Борис Грушин. Четыре жизни России в зеркале опросов общественного мнения. Очерки массового сознания россиян времен Хрущева, Брежнева, Горбачева и Ельцина в 4 книгах. Жизнь 1-я. Эпоха Хрущева. - М.: Прогресс - Традиция, 2001, 624 с.
Это итоговая таблица опроса, проведенного Институтом общественного мнения "Комсомольской правды" в 1961 году. На вопрос "Комсомолки" "Что вы думаете о своем поколении, нравится ли оно вам, довольны ли вы его делами?" ответили 17446 человек. Сравните хотя бы ответы представителей так называемой "инженерно-технической интеллигенции" (даны в процентах) с ответами "творческой". Показательно, не правда ли? Особенно, если учесть следующие сорок лет родной истории... |
Грушина нашей публике представлять не надо. "Независимая газета" публиковала многие его исследования, в том числе созданный им и вечно популярный проект, отслеживающий рейтинги ведущих политиков России. Однако новая грушинская работа для нашей и мировой социологии во многом уникальна, а потому есть смысл отдельно остановиться на необычном жанре этого издания.
Автор взял на себя титанический труд собрать воедино, систематизировать и издать материалы более чем двух с половиной сотен социологических исследований, проведенных в России за последние четыре с лишним десятилетия. (Проблеском этой мечты и репетицией ее воплощения была книга "In pivo veritas", изданная в Праге еще в 1986 году и с поистине грушинской серьезностью систематизировавшая пражский пивной фольклор.)
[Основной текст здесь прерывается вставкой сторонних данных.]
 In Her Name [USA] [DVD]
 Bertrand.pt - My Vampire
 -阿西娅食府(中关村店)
Правда, поначалу замысел нового проекта был еще более грандиозным. Но дефицит средств, добытых с диким трудом, вынудил ограничиться социологическими исследованиями, которые проводились самим Грушиным в качестве автора и руководителя. В итоге средства на этот классический труд выделил Российский гуманитарный научный фонд, проявив тем самым оперативный вкус, чувство издательской конъюнктуры, а главное - редкое в наше время понимание значимости фундаментального знания.
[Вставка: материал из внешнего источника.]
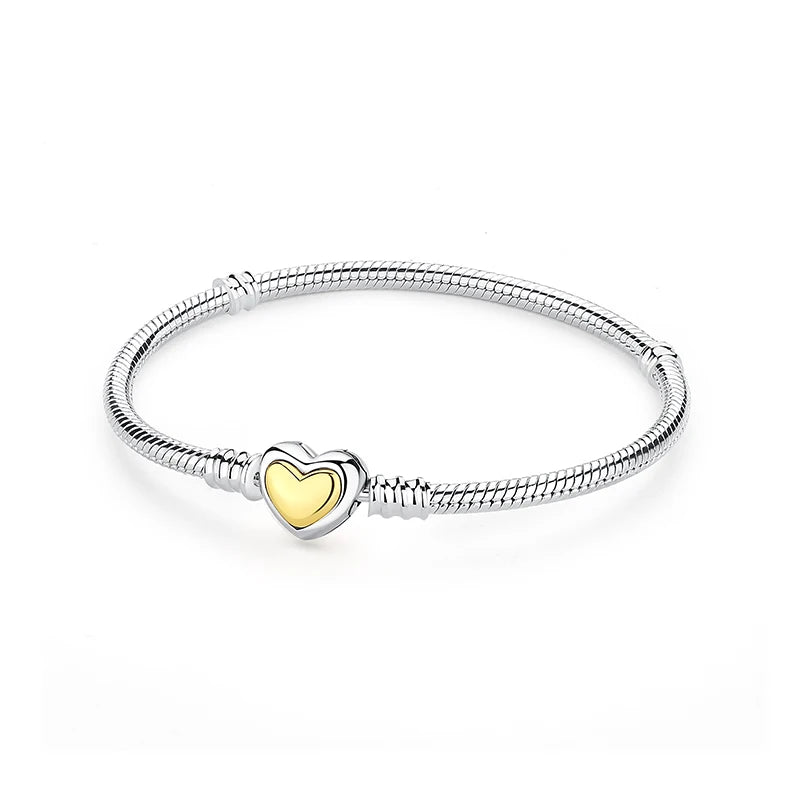 Angel Dew Bracelet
Материалы опросов снабжены авторским комментарием, который, в отличие от большинства привычных для нас публикаций, отделен от фактуры и не мешает ее самостоятельному восприятию читателем. Полагаю, это нечто большее, чем формальный прием. Это демонстрация особой этики в отношении к данным и к самим людям, как читающим эти данные, так и формирующим их своими ответами в ходе опросов. Автор отказывается сообщать миру будто бы выявленную в опросе истину о сознании общества, приводя при этом цифры только для иллюстрации и подтверждения своего вывода, как это обычно делается. В таком подходе, в свою очередь, нет и научного популизма, заигрывания с читателем; я бы не сказал, что профессор банально льстит обывателю, якобы приглашая его к сотворчеству в анализе. За этим стоит нечто большее: признание в целом известного, но постоянно игнорируемого факта, что реальность сознания за опросной статистикой часто так же успешно скрывается, как и проявляется в ней.
Здесь на общую методологическую проблему наслаивается российская специфика. Но не в смысле затертой тютчевской сентенции про бесполезность мозгов для понимания России и отклонении ее аршинов от мировых стандартов. Речь о том, что такое понимание в принципе возможно, но требует специальных усилий и нестандартных методов. А главное - отчетливого понимания исследователями и клиентами необходимости таких усилий и ценности добываемого с их помощью знания.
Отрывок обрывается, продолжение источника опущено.